Alaska Airlines has deployed iPad Pros to its self-check-in terminals at the Norman Y. Mineta International Airport in San Jose, California — reports Fast Company.
The company, which is one of the largest airlines in the U.S., has ditched conventional check-in kiosks with proprietary hardware and software at the Norman Y. Mineta International Airport for the iPad Pro from Apple. San Jose is being used as a test environment for new technologies before Alaska Airlines adopts them wholesale.
“What we’re doing in San Jose is really testing our lobby vision out and using it as a tech incubator to test various ideas,” said Charu Jain, Senior Vice President of merchandising and innovation at Alaska Airlines.
When asked what made the iPad Pro suitable for Alaska’s purposes, Scott Brodrick of Apple’s product marketing team described the iPad Pro to Fast Company as a “powerful, magical sheet of glass that can transform into any tool you need it to be.”
The iPad Pro has become a lot more powerful since receiving an upgrade to Apple’s M1 chip last year, and check-in stations equipped with the device are likely to offer a sense of familiarity to patrons.
Apple’s products have already gained favour in homes, offices, and schools. The enterprise space was the only notable absentee, and it looks like the Cupertino, California-based tech giant is making inroads there as well.
Alaska’s iPad integration isn’t limited to its check-in stations either — the airline’s flight attendants, customer service agents, and maintenance crews all use iPads. The airline also has an iOS app for travellers, which made the company’s transition to iPads for self-check-ins essentially a logical extension of its current infrastructure.
“We’ve been able to reuse a lot of the things we already do on the back end, and then provide that very simple front-end experience that Apple provides and guests are used to,” said Jain.
And Alaska Airlines isn’t the only major company to have adopted the iPad.
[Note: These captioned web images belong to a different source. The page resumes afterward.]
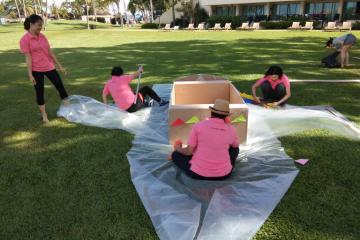 flat out afloat creative team building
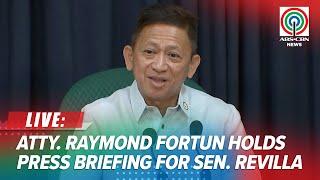 LIVE: Atty. Raymond Fortun speaks on behalf of Sen. Bong Revilla in press briefing | May 26, 2025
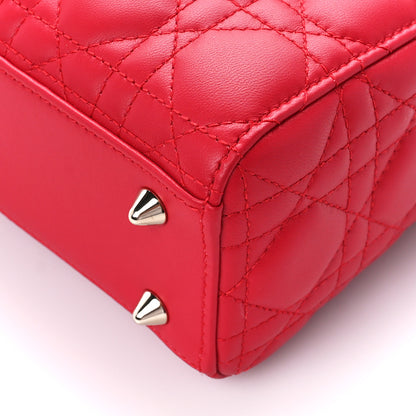 Christian Dior Lambskin Cannage Small My ABCDior Lady Dior Red 10 of 10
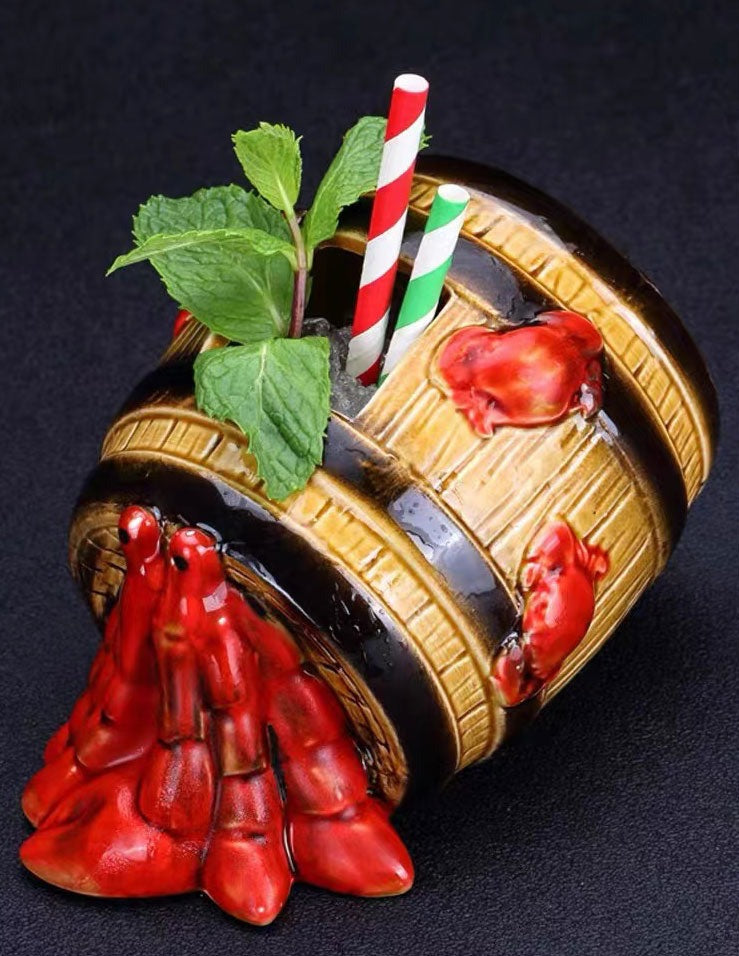 Cute Hermit Crab Cup Creative Hawaii TIKI Ceramic Cup Personality Bar Animal Cocktail Cup TIKI Cup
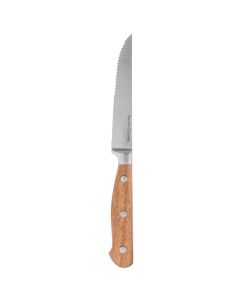 Steak knife, stainless steel/acacia wood, brown, 23 cm / blade 11.5 cm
American Eagle, Capital One, P.F. Chang’s, Warby Parker, and many others have started employing iPads for customer service.
“This is the first time that a bag-tag printer’s been connected to the iPad,” said Jain. “So both sides—our bag-tag printer vendor and Apple—obviously were key to this.”
The iPad Pro didn’t make it into Alaska’s new baggage drop-off stations, which also have a tablet-like user interface but use different hardware to support the equipment involved in the drop-off process.
“We will probably do some more [testing] work around it,” Jain concluded. “But right now, what we are seeing is that it’s keeping up really well with the airport environment.”
Jain expects Alaska to take two to three years to fully roll out the tech it’s incubating in San Jose company-wide.
Apple has made even more headway with enterprise customers across its wider product catalogue. Swedish automaker Volvo equipped its 1,500 Personal Service Technicians with Apple Watches and iPhones hooked into the internal Volvo Service app to help improve customer service, and reported remarkable results.